Dan Stulbach protagoniza Shylock, em adaptação de 'O Mercador de Veneza' (Foto: Ronaldo Gutierrez/Divulgação)
Poucos papéis da dramaturgia mundial contam com uma galeria tão ilustre de interpretações quanto Shylock, de O Mercador de Veneza. Escrito há mais de 400 anos por William Shakespeare, o agiota judeu já foi vivido por nomes como Al Pacino, no cinema, Sir Patrick Stewart, no teatro londrino, e o saudoso Pedro Paulo Rangel, nos palcos nacionais. Agora, é Dan Stulbach quem assume esse legado na Caixa Cultural Recife, em um texto repensado para os dias atuais. A produção entra em cartaz hoje e segue até 2 de agosto, com sessões de quinta a sábado, sempre às 20h.
Com direção de Daniela Stirbulov, a montagem transporta a história da Itália renascentista para um tempo presente. O foco se volta para Shylock, que ganha protagonismo em uma narrativa atravessada por temas como antissemitismo, racismo e disputas movidas pelo capital. Na história, o mercador Antônio oferece uma libra de carne como garantia de uma dívida, o que desencadeia um julgamento sobre justiça, poder e preconceito.
Filho de imigrantes judeus poloneses, Dan Stulbach transforma o palco em espaço de resistência contra a intolerância. “Vivemos um momento de polarizações, de radicalismos alimentados pelas redes sociais, onde as pessoas se fecham em bolhas e rejeitam, de forma cada vez mais agressiva, aquilo que as desafia”, aponta, em conversa exclusiva com o Viver. “É por isso que esse papel carrega um enorme senso de responsabilidade”, reflete ele, que iniciou sua trajetória nos palcos com a peça Peer Gynt, em 1990.
Para criar uma experiência imersiva, o centro do palco abriga uma estrutura acrílica transparente, elevada, que serve de tablado para os 12 artistas em cena. Suspenso acima deles, um painel circular de LED projeta palavras e frases ligadas à ação, além de imagens captadas em tempo real por um operador de câmera. Mas, no fim, o que realmente vai prender a plateia da Caixa Cultural pela garganta não é a tecnologia, e sim a narrativa. “De forma profunda, não simplista, deixa rastros dentro de cada pessoa que sai do teatro. É esse impacto que desejo como artista”, afirma Stulbach, também conhecido do grande público pelos seu trabalho nas novelas Mulheres Apaixonadas, Senhora do Destino e A Força do Querer.
O mesmo compromisso foi decisivo quando ele aceitou o convite de Walter Salles para viver Baby Bocaiúva, amigo de Rubens Paiva, em Ainda Estou Aqui.

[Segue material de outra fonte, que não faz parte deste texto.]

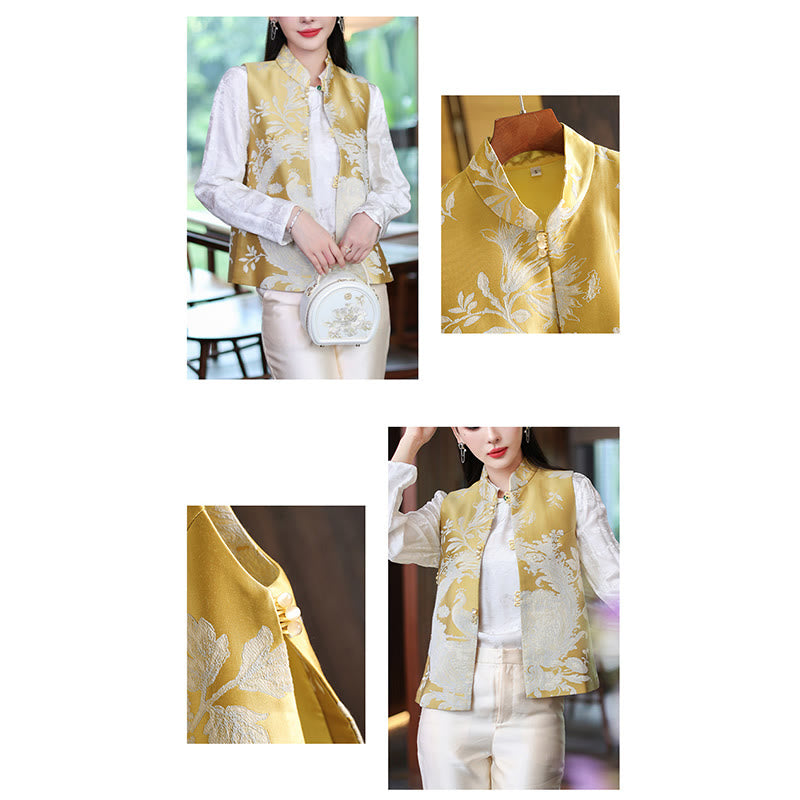 Buddha Stones Peacock Flower Pattern Tang Suit Design Vest Jacket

Para o ator, a repercussão popular superou até a premiação no Oscar. “Fico emocionado com as mensagens que recebo, os encontros na rua, o impacto que o filme causou nas pessoas. Gente que se emociona, que se vê na história, que entende a importância política daquele momento retratado”, celebra.
Momentos como esses o fazem lembrar dos tempos em que, ainda em formação, assistia e aprendia com mestres como Tony Ramos, Irene Ravache e o saudoso Paulo Autran. Anos mais tarde, não só contracenou com eles, como também consolidou uma das carreiras mais respeitadas da dramaturgia nacional. “Somos poucos, quando você conta, os atores realmente comprometidos com a arte e com o país. Mas são pessoas que acreditam em um Brasil melhor e na arte como ferramenta de transformação", diz. Agora, no palco da Caixa Cultural, seu Shylock prova que esses ensinamentos seguem vivos e mais necessários do que nunca.